Dolayısıyla varlığımız hayata bir anlam katmaz, biz varlığımızın farkına varamazsak hayatın anlamından mahrum oluruz. Zira yaşam dediğimiz süreç “biz olmasak da” zaten başlı başına anlam ifade ediyor.
Yani güneş biz olmadan da doğar. Nehirler biz olmadan da akar. Kuşlar biz olmadan da uçar, güneş biz olmadan da ısıtıp ışıtır. Yaz biz olmadan da ısıtır, kış biz olmadan da üşütür.
Bizim bu sürece dahil olmamız hayata anlam vermemizden değil, hayata verilen anlamı fark etme, diğer bir deyişle “aklımızı” kullanma yeteneğimizden gelir.
İşte ilahi hitabın fark etmemizi istediği yer, tam olarak burasıdır.
Zira mesaj gayet nettir;
“Ben seni iyi işler yapıp yapmayacağını sınamak için “sensiz olmaz” diyerek yokluk aleminden varlık alemine taşıdım ama varlık seni şımartır ve sen varlığın anlamına dahil ol(a)mazsan sensiz de olur.”
Tarih şahittir ki varlığı ile hayata anlam kattığı sanrısına kapılan her birey ve toplum, alçaltıcı felaketlerle sınanmıştır.
Bu yüzdendir ki çağımızın vazgeçilemez değerleri kılınan arzu, heva ve istekleri ile bunları ısrarla körükleyen haz, hız ve ayartıcı şeyleri yaşamlarının ilahı kılanlar, hayatın sözünü ettiğim anlamını kaybeder ve onu sadece kıyısından yaşarlar.
Lafın kısası bir hak-batıl savaşı varsa (ki var) bu savaşın bir diğer adı da anlam-anlamsızlık savaşıdır. Üstelik bu savaş, zaman ve mekân üstü bir savaş.
Anlamsızlık ve amaçsızlık, kendisine sahte bir meşruiyet peyda etmektedir ki bugün hayatın her alanındaki yozlaşma ve kokuşmada bu sahte meşruiyetin payı büyüktür.

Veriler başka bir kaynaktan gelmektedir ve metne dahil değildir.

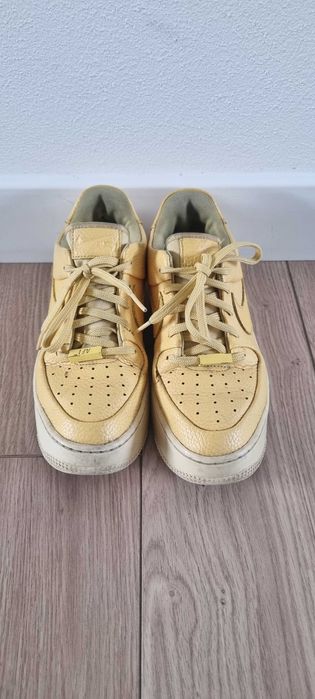 NIKE Air Force r. 39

Bugün sevdiğimizi iddia ettiğimiz ve ahlâkının varisi olarak aslında her birimizin birer merhamet abidesi olarak onun misyonunu taşımakla görevli olduğumuz Alemlere rahmet olanın misyonu da, insana sözünü ettiğim kaybettiği anlamını yeniden kazandırmak ve doğru anlamanın tüm zamanlarda ve mekânlarda geçerli olan koordinatlarını göstermekti.
Zira gönderildiği zamana baktığınızda, dünya üzerinde kendi öz evladını sırf “kız çocuğu” diye toprağa diri diri gömebilecek kadar yaşamın anlamını yitirdiği, insanlığın en karanlık olduğu bir dönem göze çarpıyor.
İlahi kudretin O(sav)’nun öksüz ve yetim bırakılışı ile başlayan ve kırk yıl süren mahrumiyet eğitimi tamamlanmış; kemale eren ruh, yürekten kopan bir vicdani haykırışın evren tarafından da desteklenmesi ile hayatın anlamını yeniden yüreklere üflemiş; bu haykırış tam yirmi üç yıl sürerek anlamın ve vicdanın üzerindeki tüm koyu perdeleri kaldırarak insan denen kutsalı yeniden özüne kavuşturmuştur.
Kendisine yüklenen bu ilahi misyonu tamamlayarak, her canlı gibi vadesini tamamlayan Alemlere rahmet olan; geriye insanoğlunun öz benliğiyle, ona can veren kudretle ve eşyayla ilişkisini en makul bir biçimde nasıl kurabileceğinin, bütün bunları nasıl anlayıp hayatını ne şekilde anlamlandıracağının “güzel bir örneğini” bırakmıştır.
Ancak bugün görüyoruz ki, bizzat O(sav)’nun sayesinde anlama sorununu çözmesi ve hayatı tekrar anlamlandırması gerekenler, O(sav)’nu yanlış anlamışlardır ve hüsnü zannımca insanlık tarihi boyunca hiçbir insan bu kadar “yanlış” anlaşılmamıştır!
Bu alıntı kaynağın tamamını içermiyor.